It selects preferred node based on private accesses but if migrating to
any other node it will take the total number of faults into account.

> > > However, the node with the most page accesses, private or
> > > shared, is still the preferred node from a memory stand point.
> > > Compute load being equal, the task should go to the node with 2GB of
> > > shared memory and not to the one with 2 private pages.
> > > 
> > 
> > Agreed. The level of shared vs private needs to be detected. The problem
> > here is that detecting private dominated workloads is not straight-forward,
> > particularly as the scan rate slows as we've already discussed.
> 
> I was going for the opposite conclusion: that it does not matter
> whether memory is accessed privately or in a shared fashion, because
> there is no obvious connection to its access frequency, not to me at
> least. 

We cannot accurately detect access frequency because we are limited to
receiving the hinting faults.

> Short of accurate access frequency sampling and supportive
> data, the node with most accesses in general should be the preferred
> node, not the one with the most private accesses because it's the
> smaller assumption to make.
> 

Workloads with many shared accesses (numa01 on > 2 node machines) will
bounce all over the place.

> > > > The second reason is based on a hypothetical workload that has a small
> > > > number of very important, heavily accessed private pages but a large shared
> > > > array. The shared array would dominate the number of faults and be selected
> > > > as a preferred node even though it's the wrong decision.
> > > 
> > > That's a scan granularity problem and I can't see how you solve it
> > > with ignoring the shared pages. 
> > 
> > I acknowledge it's a problem and basically I'm making a big assumption
> > that private-dominated workloads are going to be the common case. Threaded
> > application on UMA with heavy amounts of shared data (within cache lines)
> > already suck in terms of performance so I'm expecting programmers already
> > try and avoid this sort of sharing. Obviously we are at a page granularity
> > here so the assumption will depend entirely on alignments and buffer sizes
> > so it might still fall apart.
> 
> Don't basically all VM-based mulithreaded programs have this usage
> pattern?  The whole runtime (text, heap) is shared between threads.

There are allocators with thread-local storage and large allocations in
glibc are satisified using mmap reducing the opportunity for false sharing
due to unaligned buffers.

> If some thread-local memory spills over to another node, should the
> scheduler move this thread off node from a memory standpoint?

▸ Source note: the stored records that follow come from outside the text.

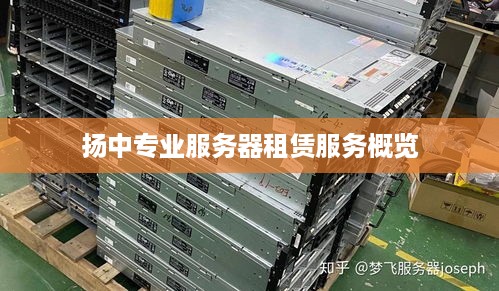 扬中专业服务器租赁服务概览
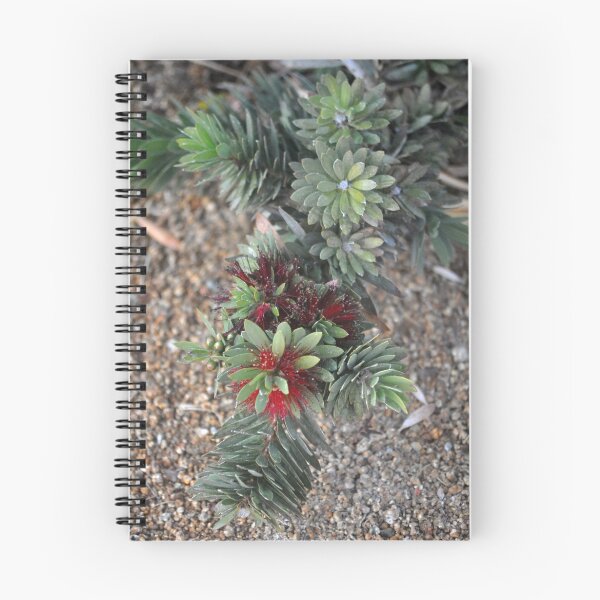 Item preview, CACTI AND SUCCULENTS designed and sold by JAYMILO.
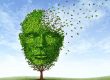 health insurance and alzheimers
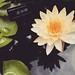 #shanghai #shanghailife #lotus #china #summer #iphone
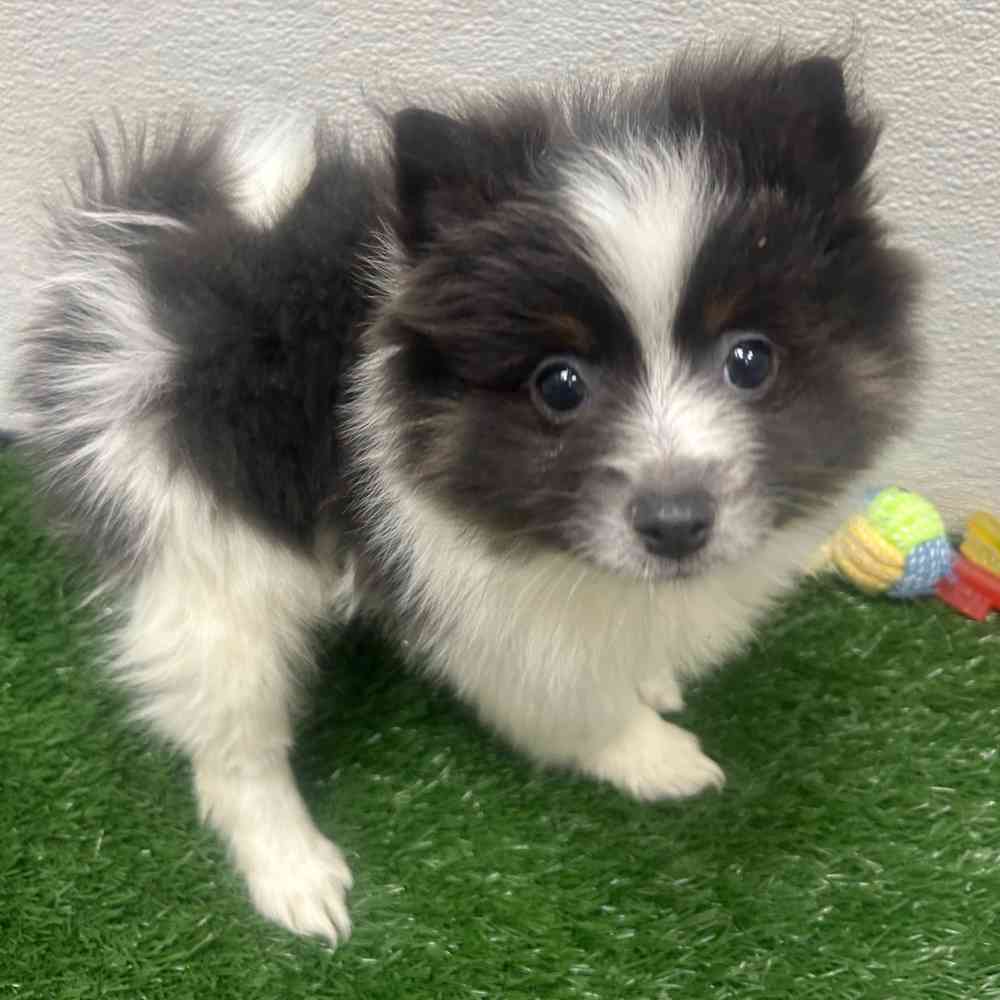 Male Pomeranian puppy named John for sale at Puppy Dreams - Wichita West.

If thread local memory spills over to another node, there will be attempts
to migrate it towards where the task is running. If those migrations fail,
then what you'd expect is that faults would accumulate on the remote node
and eventually it becomes the preferred node but that is not what currently
happens. The tracking in the failed migration case needs revisiting.

> I don't
> think so at all.  I would expect it to always gravitate back towards
> this node with the VM on it, only get moved off for CPU load reasons,
> and get moved back as soon as the load situation permits.
> 
> Meanwhile, if there is little shared memory and private memory spills
> over to other nodes, you still don't know which node's memory is more
> frequently used beyond scan period granularity. 

That's true whether we account private/shared separately or not.

> Ignoring shared
> memory accesses would not actually help finding the right node in this
> case.  You might even make it worse: since private accesses are all
> treated equally, you assume equal access frequency among them.  Shared
> accesses could now be the distinguishing data point to tell which node
> sees more memory accesses.
> 

Similar points can be made the other way as well. If shared/private is
ignored then infrequent accesses can dominate continual access due to
limitations of the scan-based sampling.

> > I think that dealing with this specific problem is a series all on its
> > own and treating it on its own in isolation would be best.
> 
> The scan granularity issue is indeed a separate issue, I'm just really
> suspicious of the assumption you make to attempt working around it in
> this patch, because of the risk of moving away from optimal placement
> prematurely.
> 

And the crux of the matter is whether the optimal placement is hurt by
prioritising private accesses or not. Initially I had been testing for
this but the last data I have on this is now relatively old. It's simple
enough to test by patching to make priv = 0 in task_numa_fault.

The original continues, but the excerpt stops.